Anne Marie d'Orléans

Anne Marie d' Orléans ( born August 27, 1669 Castle Saint-Cloud; † August 26, 1728 in Turin), known during her youth Mademoiselle de Valois, was a member of the French royal family of the House of Bourbon - Orléans. By marriage with Victor Amadeus II of Savoy, she was Duchess of Savoy, 1713-1720 Queen of Sicily and then Queen of Sardinia.

Her stepmother Liselotte of the Palatinate described Anne Marie in her letters as " a right tugendtsame fürstin that hatt much meritten ". In its 44 years -long marriage she put her own needs always behind her husband. Even the twelve-year extramarital affair of her husband with Jeanne Baptiste d' Albert de Luynes, Countess of Verrua, she learned to accept without a murmur.

Life

Anne Marie was the third daughter of the Duke Philippe I d'Orléans and Henrietta Anne Stuart his first wife, youngest daughter of King Charles I, in the castle of Saint -Cloud to the world. Your baptism was on April 8, 1670 in the chapel of the Palais Royal in Paris. Anne Marie was not even a year old when she lost her mother. Her father then went for political reasons in 1671 a second marriage with Elizabeth Charlotte of the Palatinate, daughter of the Elector Karl Ludwig I., a. The stepmother took care catered to Anne Marie and her older sister Marie Louise, as if it were her own daughters. Under Elisabeth Charlotte's care and the uncle, King Louis XIV, Anne Marie received by her governess, the Marquise de Clérambault, the then customary for royal houses courtly education of girls. It included travel, especially in the territory, as well as languages ​​, fine arts, horse riding, needle work, singing, etiquette, dance or genealogy. From her older sister until then almost inseparable, it hit the ten- year-old Anne Marie 1679 very hard when she was separated by Marie Louise's wedding to Charles II of Spain of her beloved sister.

Anne Marie leaned contradiction of reason of state and the will of her uncle, when he arranged a marriage with Duke Victor Amadeus II of Savoy for them. The connection should work more closely bind the duchy to the French crown and the French plans. The fact that the 18 -year-old groom initially balked at this marriage and gave his consent only after an extremely long cooling-off period, shows very clearly that it was a marriage that was closed purely political calculation. The Gazette de France announced the planned connection of the two on January 28, 1684.
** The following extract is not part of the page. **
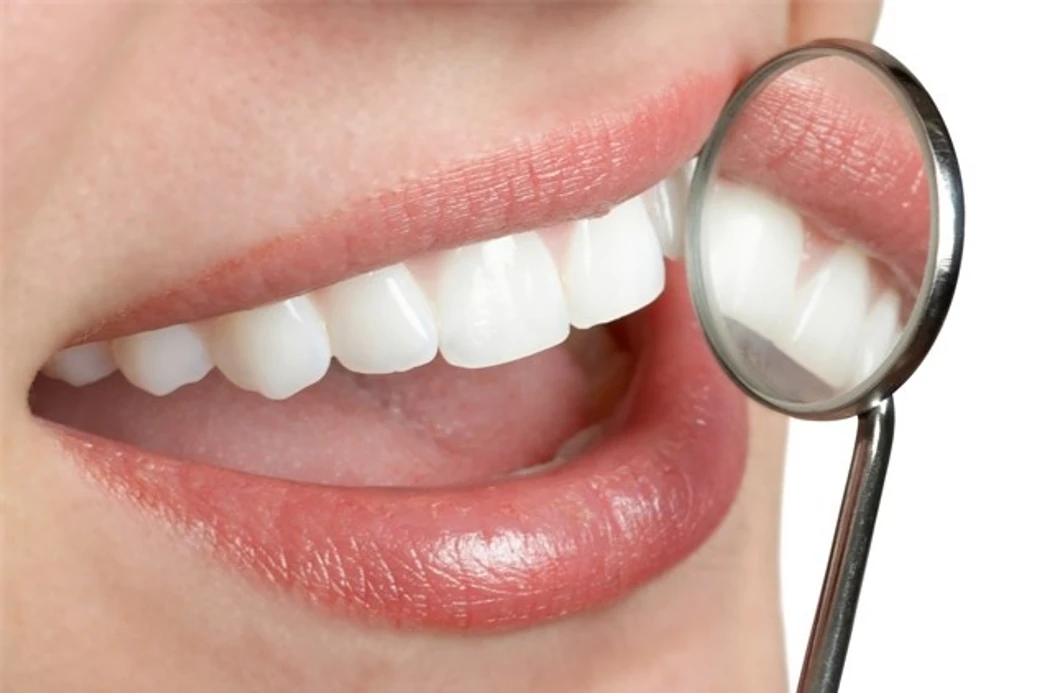 ฟอกสีฟัน ด้วยระบบ Cool Light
At the age of 14 years, Anne Marie was married on April 10, 1684 in the chapel of the Palace of Versailles by procurationem. The groom took in passing through the Cardinal Emmanuel Théodose de la Tour d'Auvergne ceremony Anne Marie's cousin, the young Duke of Maine, after the day before completed the official engagement ceremony and the marriage contract had been signed. In this, among other things, the stately dowry of the young bride had been committed. It consisted of 900,000 livres, which contributed to her royal uncle, and jewelry worth 60,000 livres from the possession of her father. These Annemarie 240,000 livres received from the dowry of their mother. In return, they pledged to waive any claims against her father and to possible rights of inheritance of her mother. On the part of the House of Savoy, the young bride wedding gifts received totaling 220,000 livres, including jewelry, which had a value of 80,000 livres alone.

Immediately after the wedding ceremony traveled Anne Marie, accompanied by selected honors of the French court, including Anne de Lorraine, princesse de Lille Bonne, and Charlotte de Mornay, widowed Countess of Grancey, in the direction of Savoy. On May 6, they arrived in Le Pont -de- Beauvoisin, a small town on the river Guiers, which constitutes the boundary between the Dauphiné and the Duchy of Savoy region. There she met her husband for the first time in person. That same day, the couple went on to Chambery. In the chapel of the castle there was the actual wedding ceremony the two by Étienne Le Camus, bishop of Grenoble, instead.

The marriage produced six children:

  • Maria Adelaide (1685-1712), ∞ 1697 Louis de Bourbon, dauphin de Viennois, duc de Bourgogne
  • Maria Anna (1687-1690)
  • Maria Luisa Gabriella (1688-1715), ∞ 1701 King Philip V of Spain
  • Victor Amadeus (1699-1715), Prince of Piedmont
  • Charles Emmanuel III. (1701-1773), King of Sardinia
  • Emmanuel Philibert (* / † 1705), Duke of Chablais

Anne Marie died at half past seven in the morning on August 26, 1728 in Turin, one day before her 60th birthday. Her grave is in the Superga near Turin.